Exercise:
Every entry that follows must be written out exactly, apart from its pictures.

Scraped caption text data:
- Opening Delimiter -

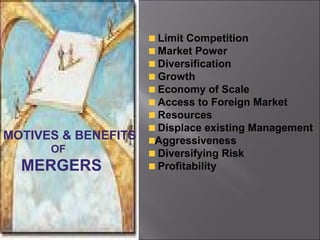 Limit Competition
                     Market Power
                     Diversification
                     Growth
                     Economy of Scale
                     Access to Foreign Market
                     Resources
                     Displace existing Management
MOTIVES & BENEFITS   Aggressiveness
      OF             Diversifying Risk
  MERGERS            Profitability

- Closing Delimiter -

Output below:
 Limit Competition
                     Market Power
                     Diversification
                     Growth
                     Economy of Scale
                     Access to Foreign Market
                     Resources
                     Displace existing Management
MOTIVES & BENEFITS   Aggressiveness
      OF             Diversifying Risk
  MERGERS            Profitability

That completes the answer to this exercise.